Genomic DNA from patient samples and cell lines was extracted using the Qiagen DNeasy Blood & Tissue Kit. PCR reactions were carried out in 384 well plates, in a Duncan DT-24 water bath thermal cycler, with 10 ng of whole genome amplified DNA as template, using a touchdown PCR protocol with HotStart Kapa Fast Taq (Kapa Biosystems, Woburn, MA): 1 cycle of 95°C for 5 min; 3 cycles of 95°C for 30 sec, 64°C for 15 sec, 72°C for 30 sec; 3 cycles of 95°C for 30 sec, 62°C for 15 sec, 72°C for 30 sec; 3 cycles of 95°C for 30 sec, 60°C for 15 sec, 72°C for 30 sec; 37 cycles of 95°C for 30 sec, 58°C for 15 sec, 72°C for 30 sec; 1 cycle of 70°C for 5 min. Templates were purified using AMPure (Agencourt Biosciences, Beverly, MA). The purified PCR reactions were split into two, and sequenced bidirectionally using Big Dye Terminator Kit v.3.1 (Applied Biosystems, Foster City, CA), at Agencourt Biosciences. Dye terminators were removed using the CleanSEQ kit (Agencourt Biosciences), and sequence reactions were run on ABI PRISM 3730xl sequencing apparatus (Applied Biosystems).
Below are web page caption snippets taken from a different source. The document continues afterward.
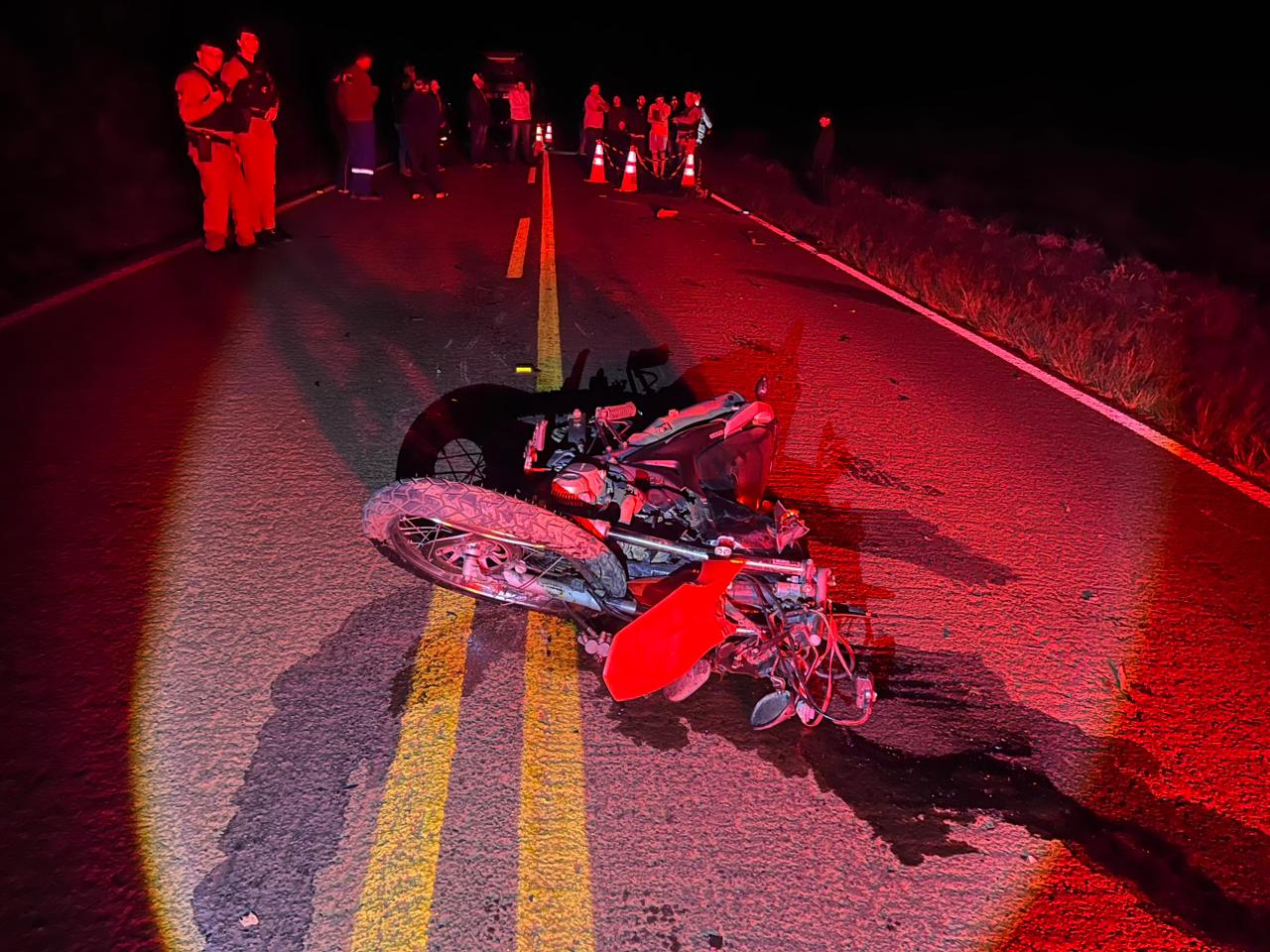 Casal morre em grave acidente entre carro e moto na PR-473, em Nova Laranjeiras Casal morre em grave acidente entre carro e moto na PR-473, em Nova Laranjeiras
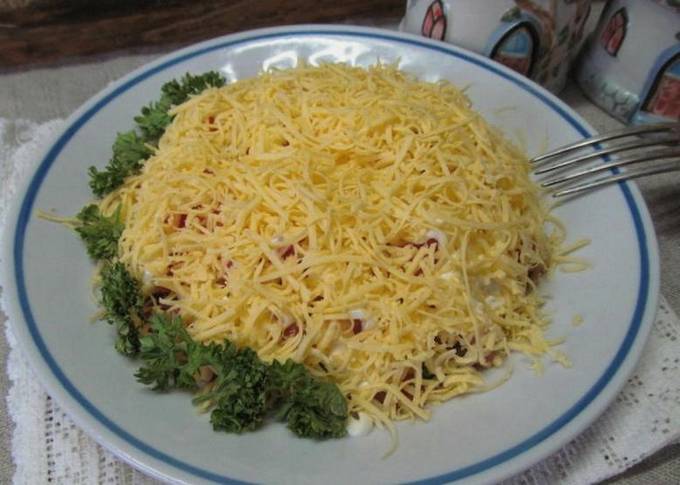 Салат с курицей, сыром, помидорами и огурцом Салат с курицей, сыром, помидорами и огурцом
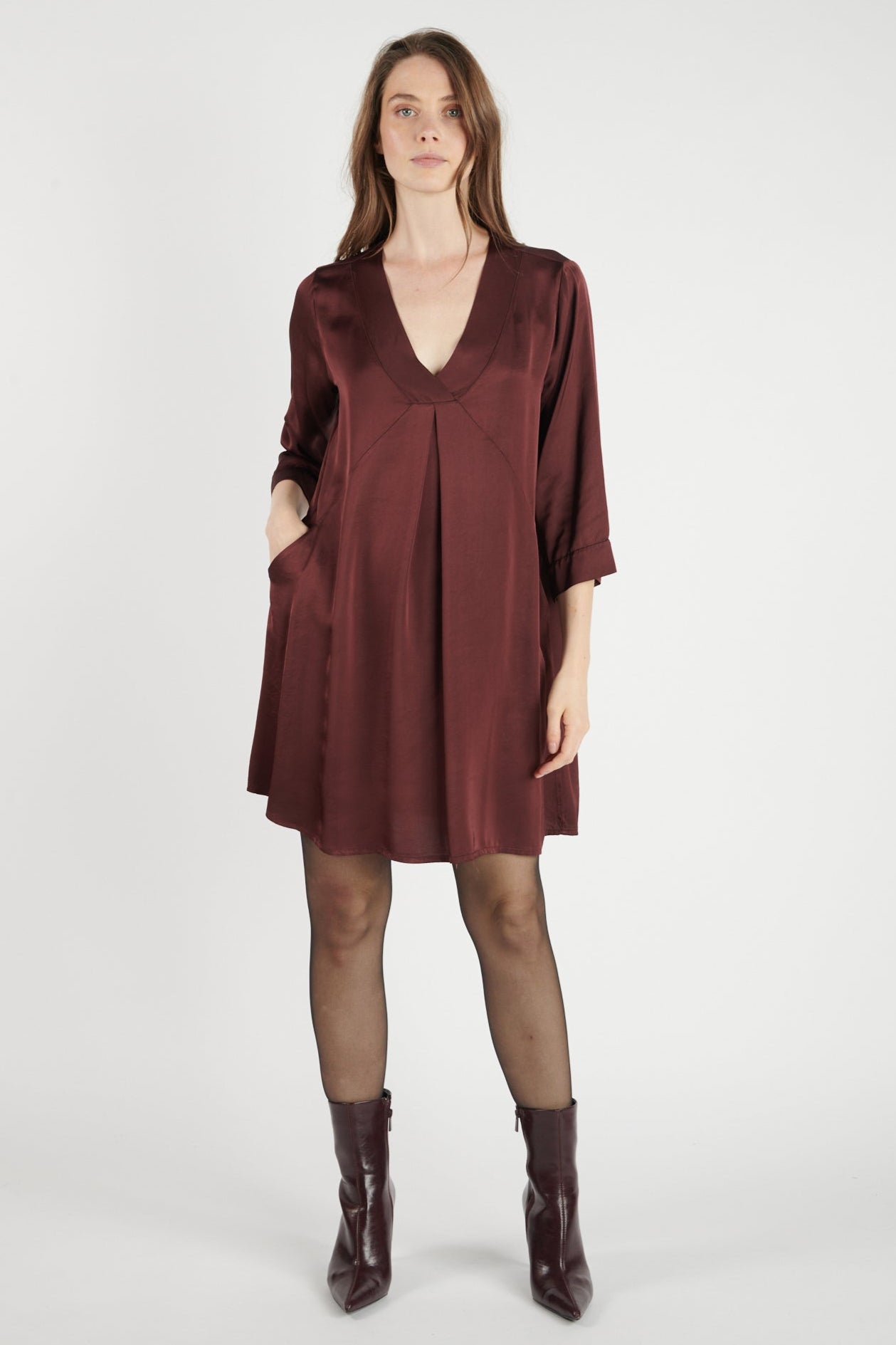 ROBE COURTE DOMAE PRUNE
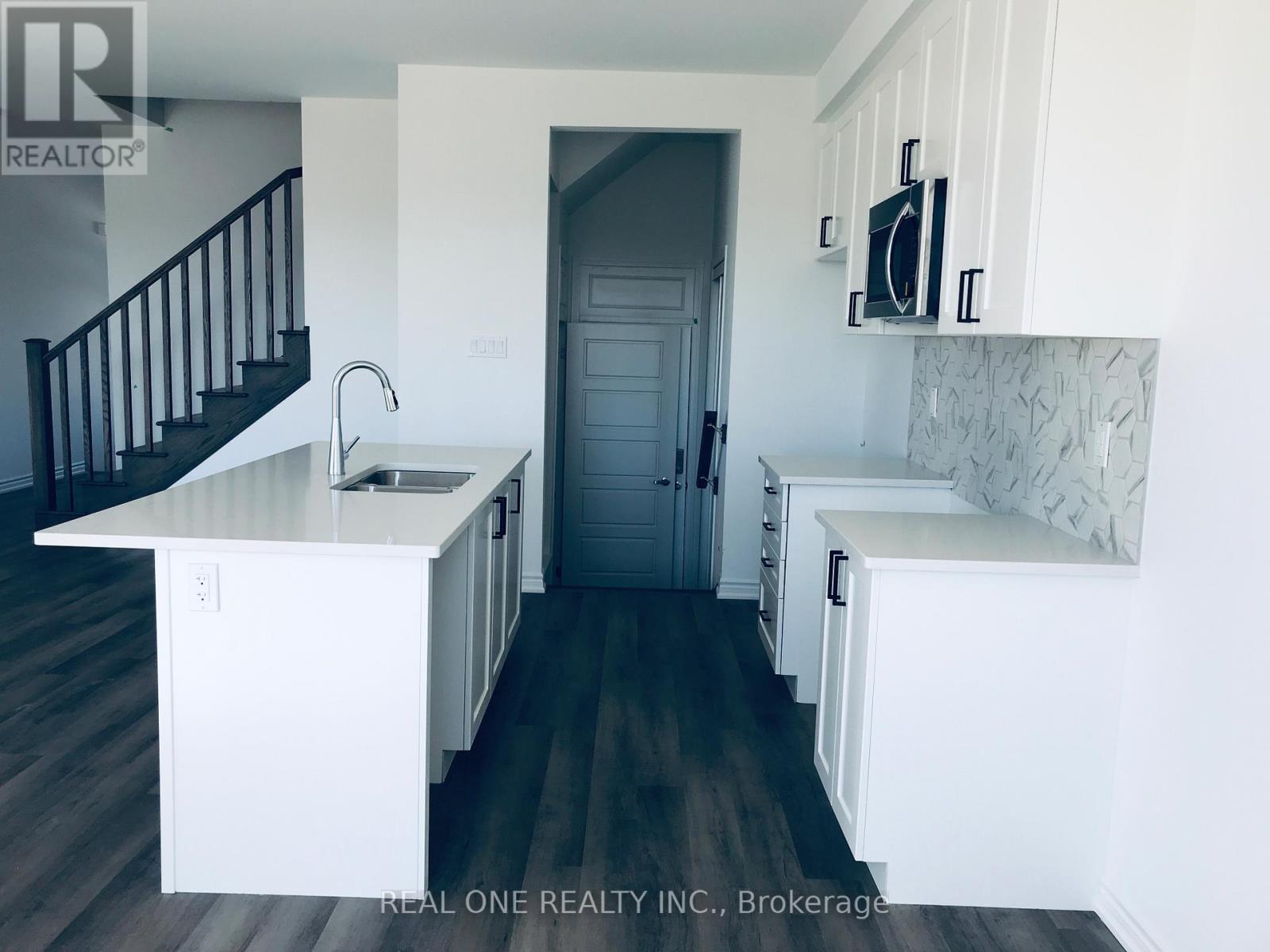 62 Forestwalk Street, Kitchener, Ontario  N2R 0S3 - Photo 7 - X12542436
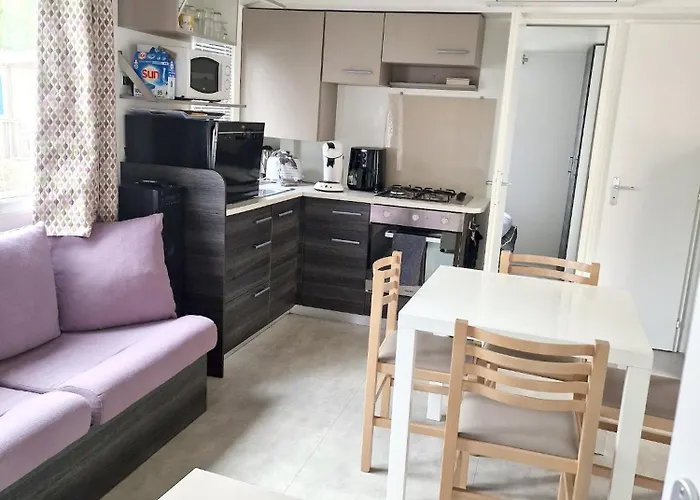 Casa vacanze Près De Avec Piscine Partagée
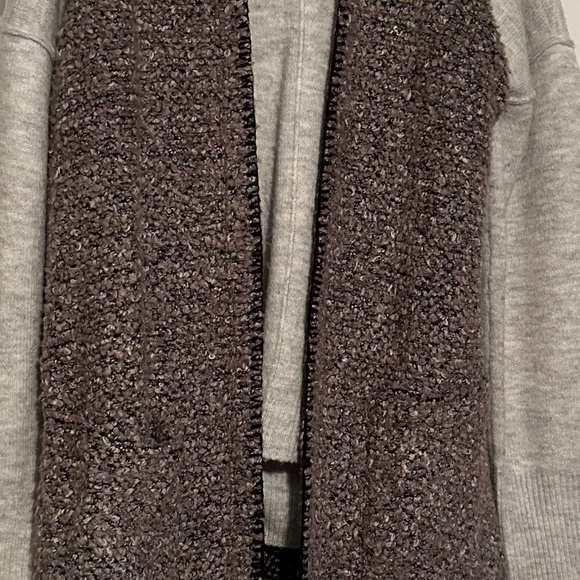 Vest - Picture 1 of 2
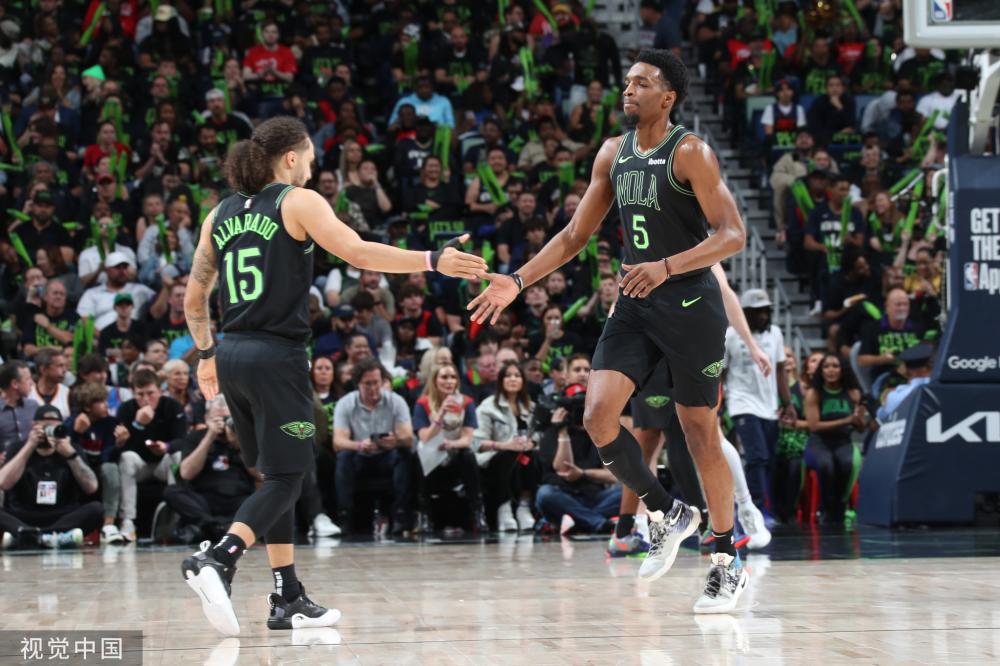 依旧沉着冷 依旧沉着冷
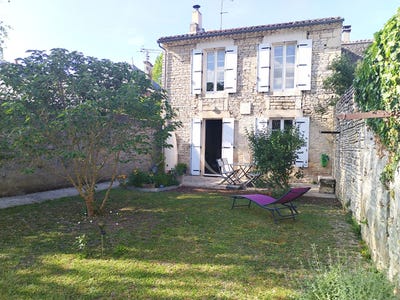 /international/fr/asnieres-la-giraud-charente-310104474461/?lang=de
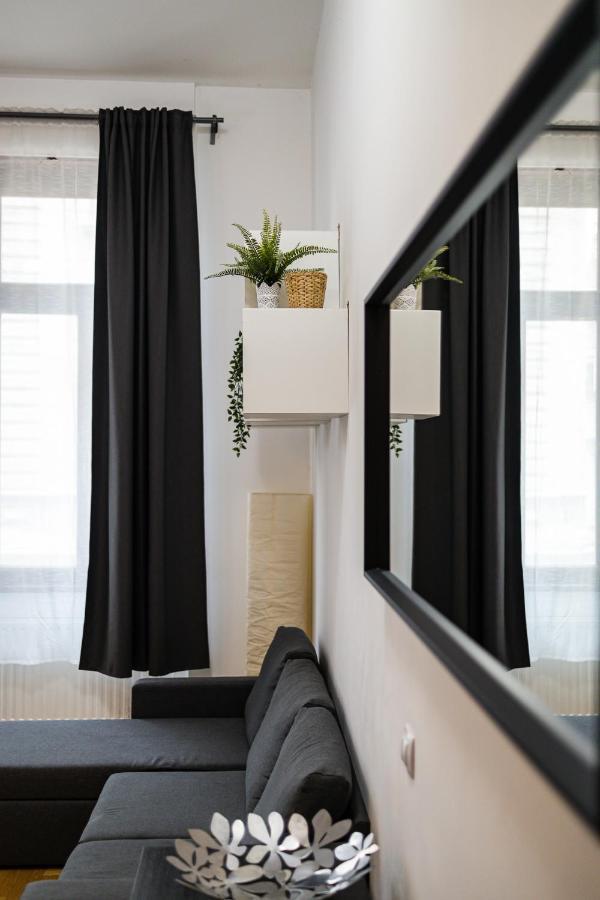 Cosy 1 Bedroom Apartment In Gozsdu Court Budapest Eksteriør billede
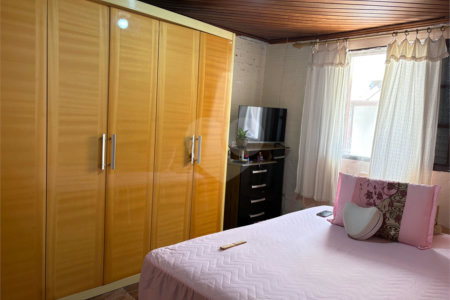 Casa à venda com 2 quartos em Conjunto Habitacional Brás Cubas, Mogi das Cruzes, SP
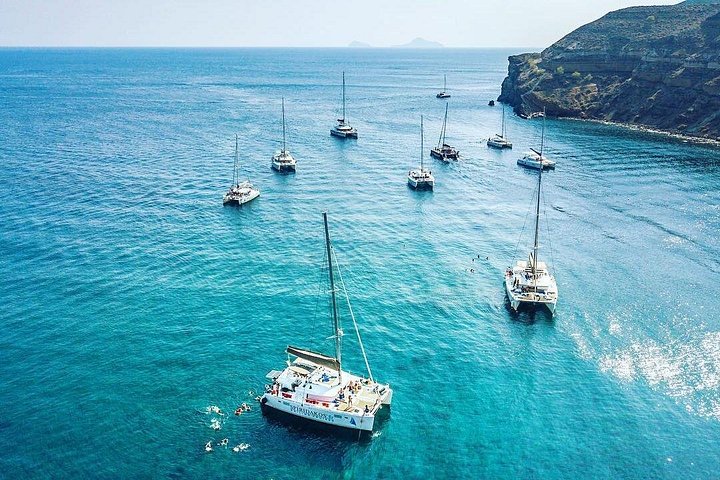 Katamarantur runt Santorini, Grekland, med bad och BBQ, foto 14 | wizardtrip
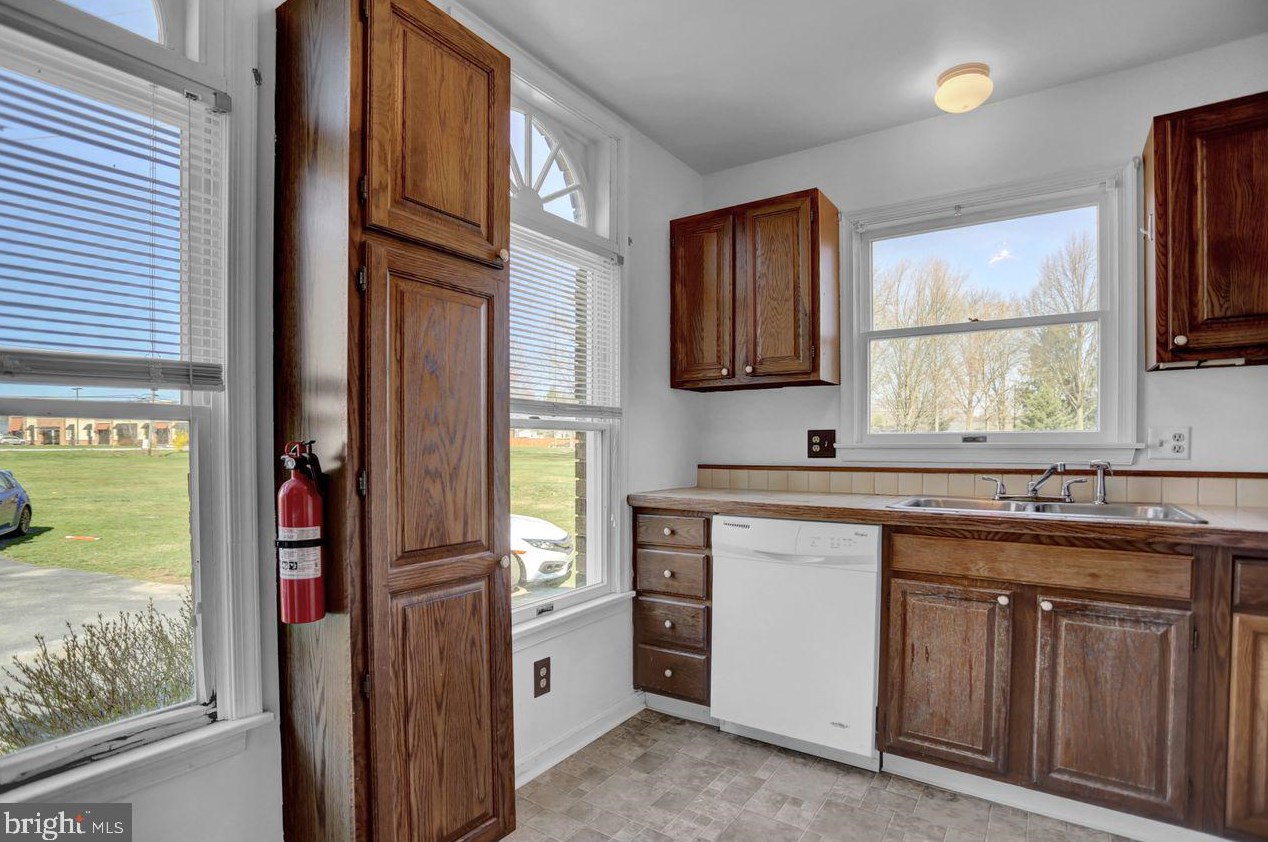 2227 Aspen Dr, Navy Sup Dpt PA  17055-5584 exterior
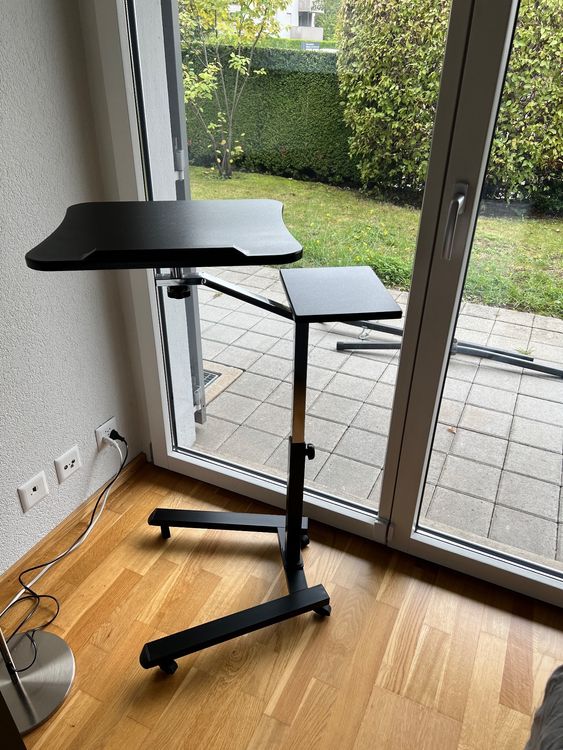 JOY Worker Mobiler Stehtisch – Höhenverstellbar (74,9-105,9 Cm), Klappbare Platte, Mit Rädern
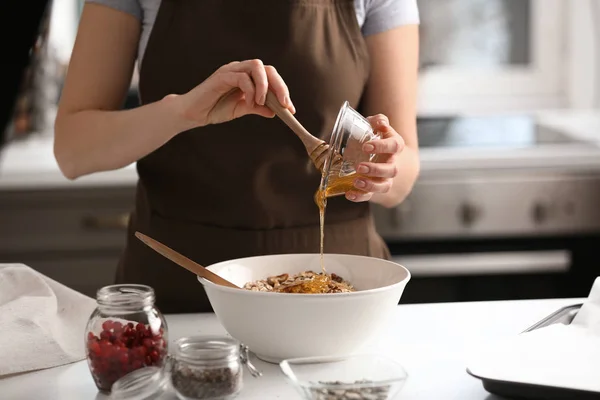 Žena Dělat Chutné Granola Bary Kuchyni — Stock fotografie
Mutations were detected using an automated pipeline at the MSKCC Bioinformatics Core. Bi-directional reads and mapping tables (to link read names to sample identifiers, gene names, read direction, and amplicon) were subjected to a QC filter which excludes reads that have an average phred score of < 10 for bases 100–200. Passing reads were assembled against the reference sequences for each gene, containing all coding and UTR exons including 5Kb upstream and downstream of the gene, using command line Consed 16.0 (PMID: 9521923). Assemblies were passed on to Polyphred 6.02b (PMID: 9207020) which generated a list of putative candidate mutations, and to Polyscan 3.0 (PMID: 17416743) which generated a second list of putative mutations. To reduce the number of false-positives, only point mutations which were supported by at least one bi-directional read pair and at least one sample mutation called by Polyphred were considered and manually inspected.

RESULTS

Absence of Sequence Variation in the Last Three Exons of FUS in 96 Human Liposarcoma Samples

To search for mutations similar to those recently published in familial amyotrophic lateral sclerosis (FALS), we sequenced the last three FUS exons 13 to 15 (Fig. 1) from DNA isolated from 43 dedifferentiated (DDLS) and 35 myxoid-round cell (MRCLS) liposarcoma tissue samples as well as 4 well differentiated (WDLS), 7 DDLS and 5 MRCLS cell lines (Table 1). One of the DDLS and one of the MRCLS cell lines had been established from patient samples that were simultaneously sequenced. All MRCLS patient samples and cell lines harbor the FUS-DDIT3 translocation described above.

Table 1.

Overview of tissue samples and cell lines used in the study.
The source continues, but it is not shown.